From 25th November 2008 to 10th January 2009 the Sharq al-Andalus Exhibition Hall at the Convent of Santa Clara (Murcia) hosted the installation by the artist Anish Kapoor Islamic Mirror, a circular and concave mirror of 2.40 metres in diameter and weighing approximately 80 kilos. The work is made of small octagonal and square fragments; its perfect articulation alludes to the formal, mathematical and geometrical transfer between the square and the sphere, a historically significant intellectual concern of mystics, scientists and artists.

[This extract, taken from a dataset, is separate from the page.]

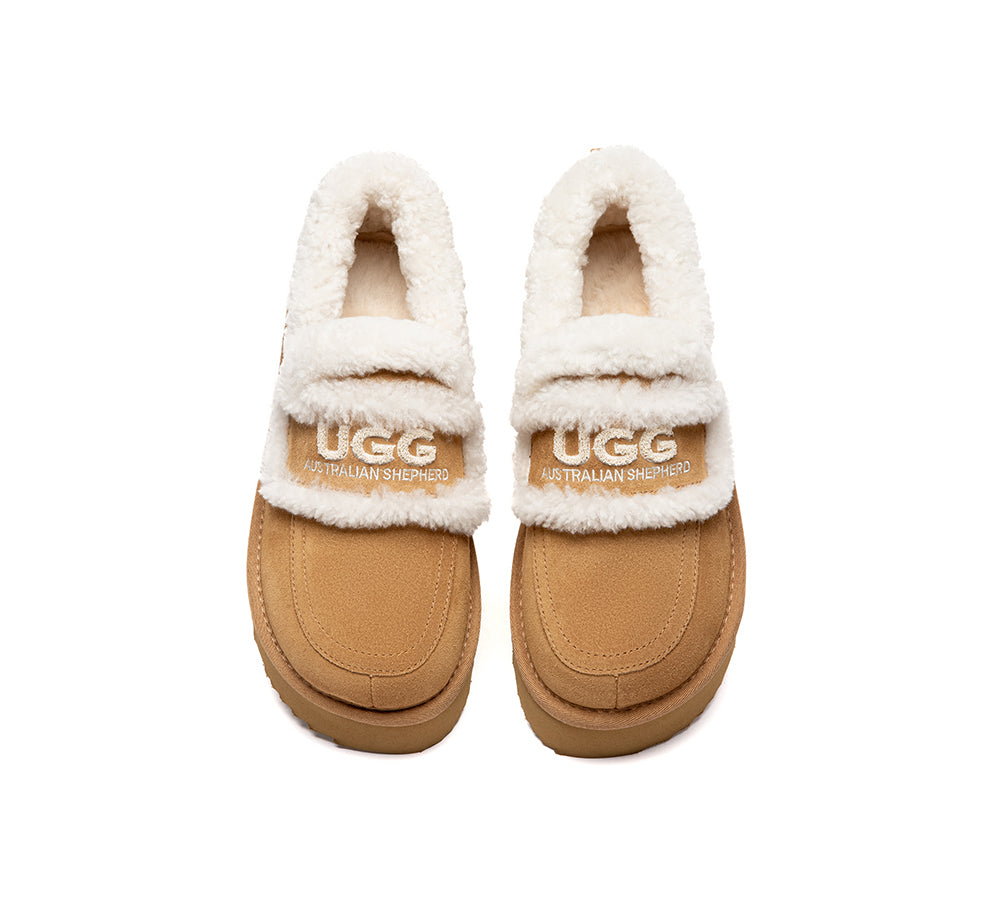 UGG Slippers Women Sheepskin Wool Ankle Platform Loafers Rilee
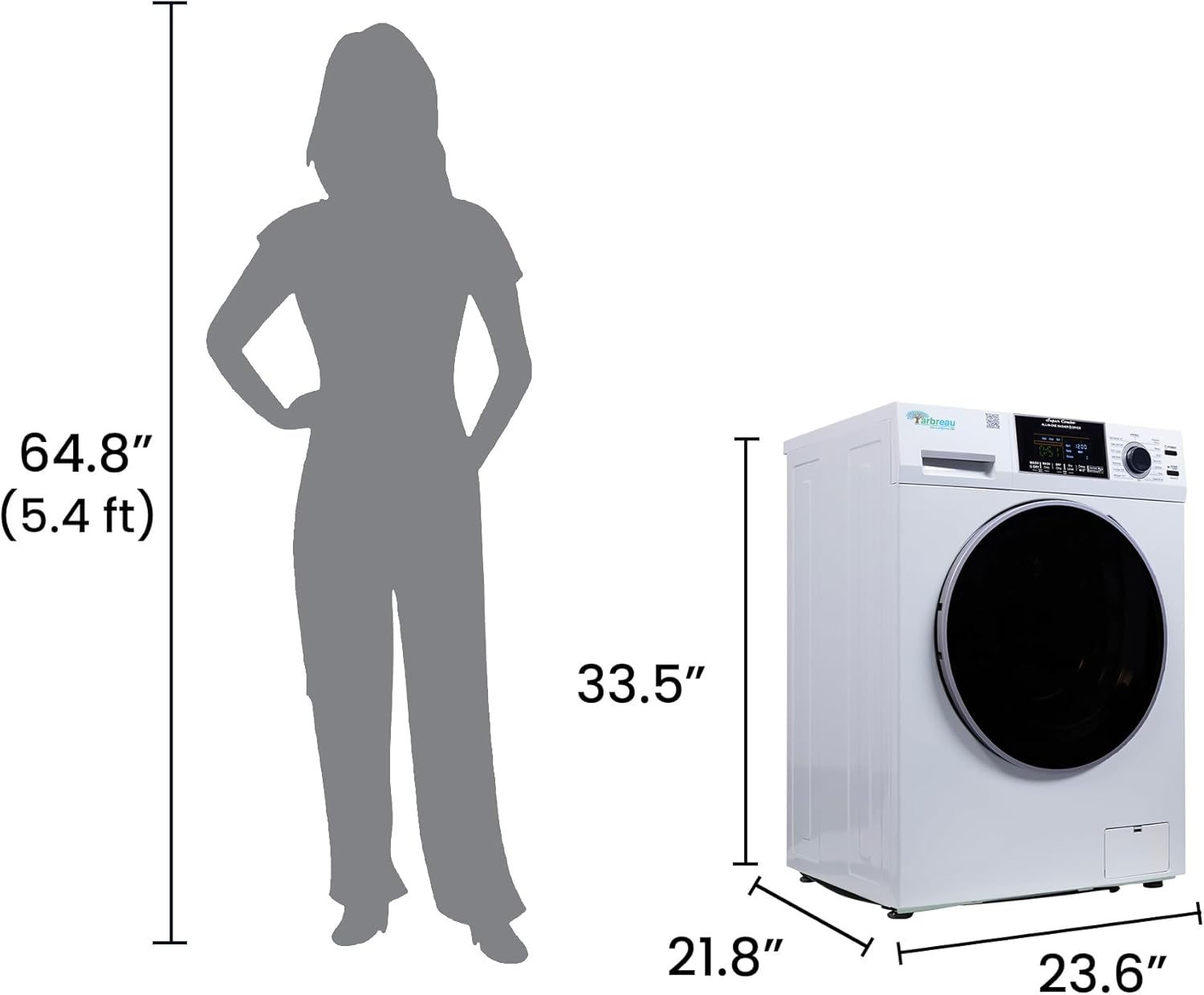 1.6 cu.ft. CONVERTIBLE Compact Combo Washer Dryer with Pet Cycle (White)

Anish Kapoor, born in Mumbai, India, in 1954, has lived in England since the early 1970s. From there he has established himself not only as one of the most outstanding creators of new British sculpture but as one of the most important figures in the international contemporary panorama. The artist has set up his mirrors in diverse open places, as in the case of the installation Islamic Mirror in the monastery of Santa Clara. The mirror looks straight at the reservoir in the patio and at the monastic area where the enclosed nuns of the Order of Saint Clare live. The building was donated to them in 1365 by the Castilian King Pedro I. The “look” of the mirror fits in the central axis of the architectural setting and integrates into a geometrical perspective thereby redounding to the symbolic meaning that the arrangement of space had in Islamic architecture: the patio with garden borders represented the image of cosmos while the waters of the reservoir became a mirror that brought the sky to the earth, depositing the nocturnal stars on its surface and creating glints which were projected on the architecture. Moreover, it acted as a mirror of its own architecture which was then the “bride” of the cosmic spectacle.

This phenomenology that lays down the link between the past and the present, the sky and the earth, also enhances the transversal connections between Christian mysticism, the Sufi visions of the poet Ibn Arabi (Murcia, 1165 – Damascus, 1240) and the contemporary aesthetic search, revealing, as the artist himself points out, that “the scale has to do with meaning rather than with size.”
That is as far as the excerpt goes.